TASK MATERIAL
-- Opening Marker --

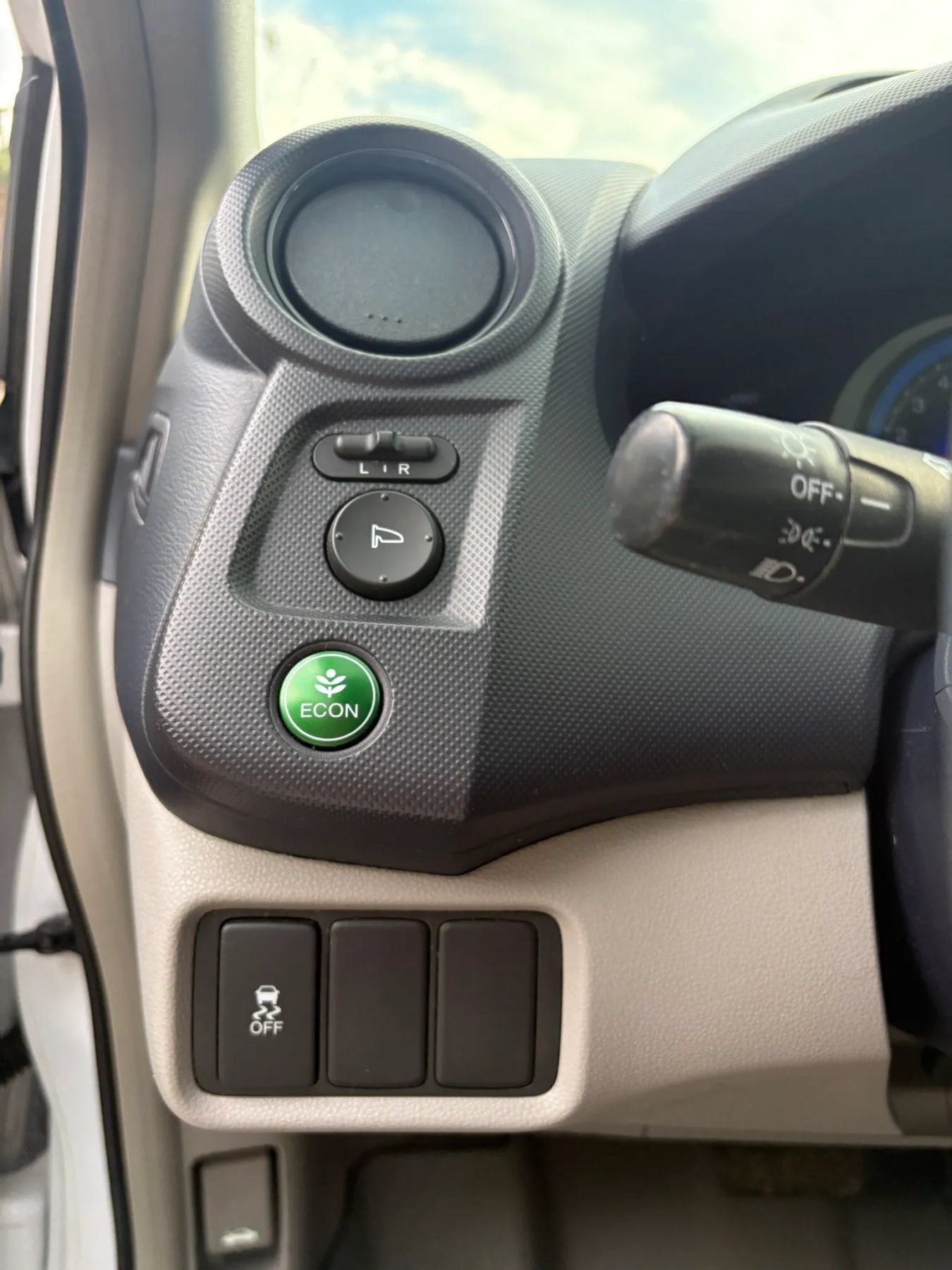 Used 2010 Honda Insight EX image 16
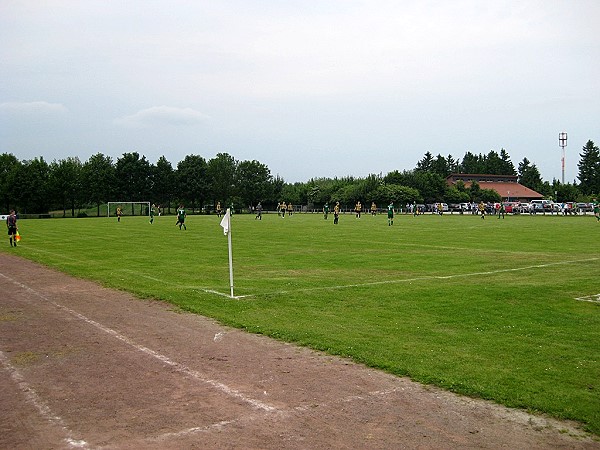 Sportanlage Am Mittelpunkt - Sassenburg-Neudorf-Platendorf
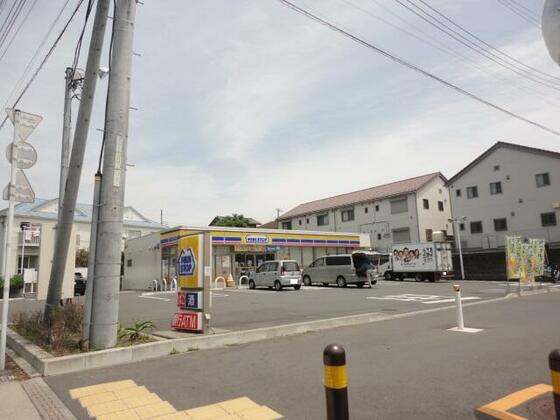 コンビニ　ミニストップ藤沢城南店（コンビニ）まで450m
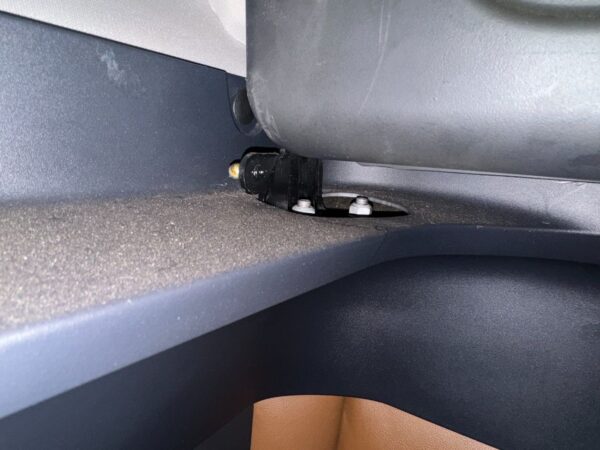 Freightliner CASCADIA Brackets, Misc Complete Bunk Brackets, Latches, And Support - Image 2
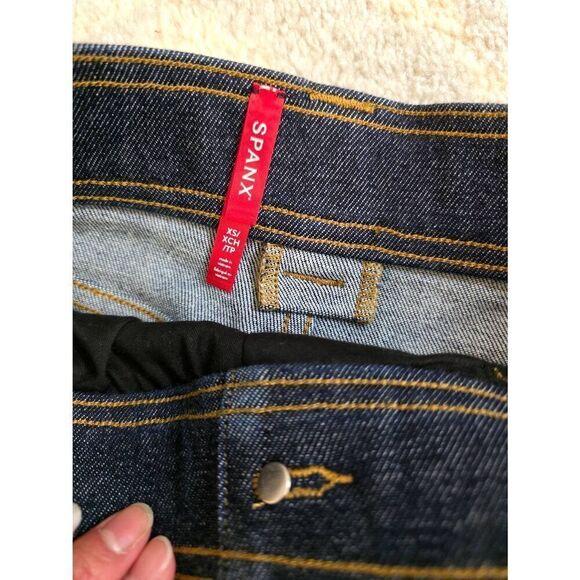Spanx Denim Trouser Short, 6" XS $118 - Picture 7 of 8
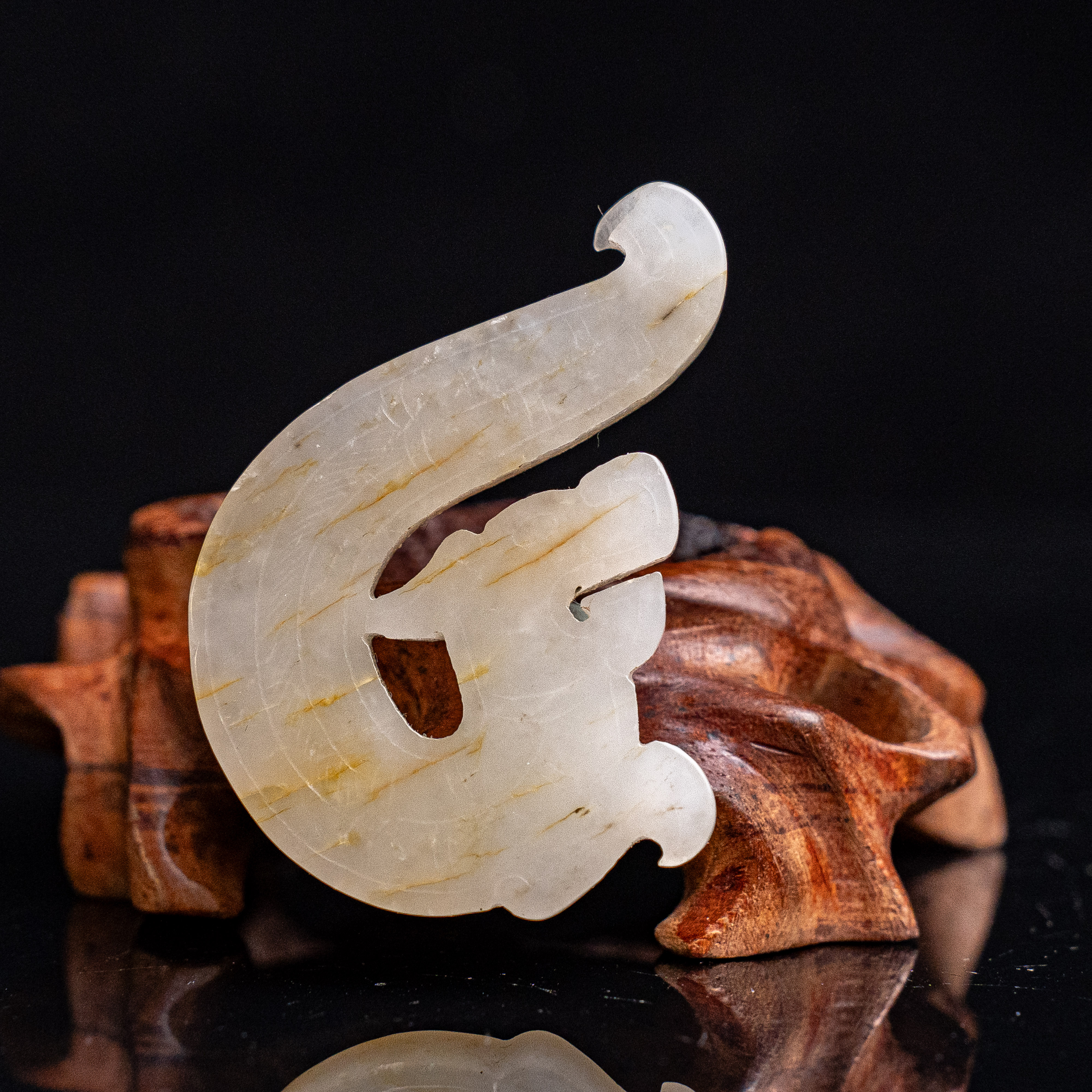 47明代和田玉龙纹玉佩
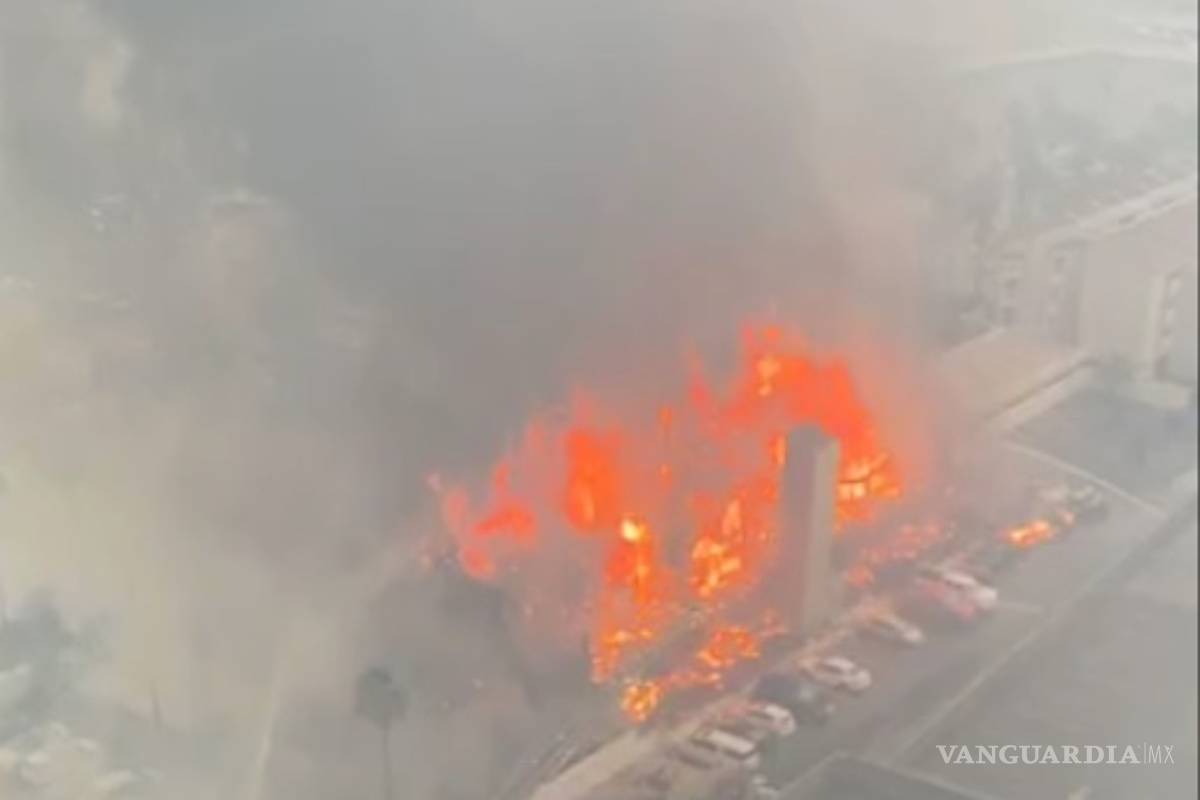 Alerta en Isla del Padre por incendio de condominios (Videos)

-- Closing Marker --

REQUIREMENT
Leaving the images behind, set down every entry word for word.

SOLUTION TO THIS EXERCISE
 Used 2010 Honda Insight EX image 16
 Sportanlage Am Mittelpunkt - Sassenburg-Neudorf-Platendorf
 コンビニ　ミニストップ藤沢城南店（コンビニ）まで450m
 Freightliner CASCADIA Brackets, Misc Complete Bunk Brackets, Latches, And Support - Image 2
Spanx Denim Trouser Short, 6" XS $118 - Picture 7 of 8
 47明代和田玉龙纹玉佩
 Alerta en Isla del Padre por incendio de condominios (Videos)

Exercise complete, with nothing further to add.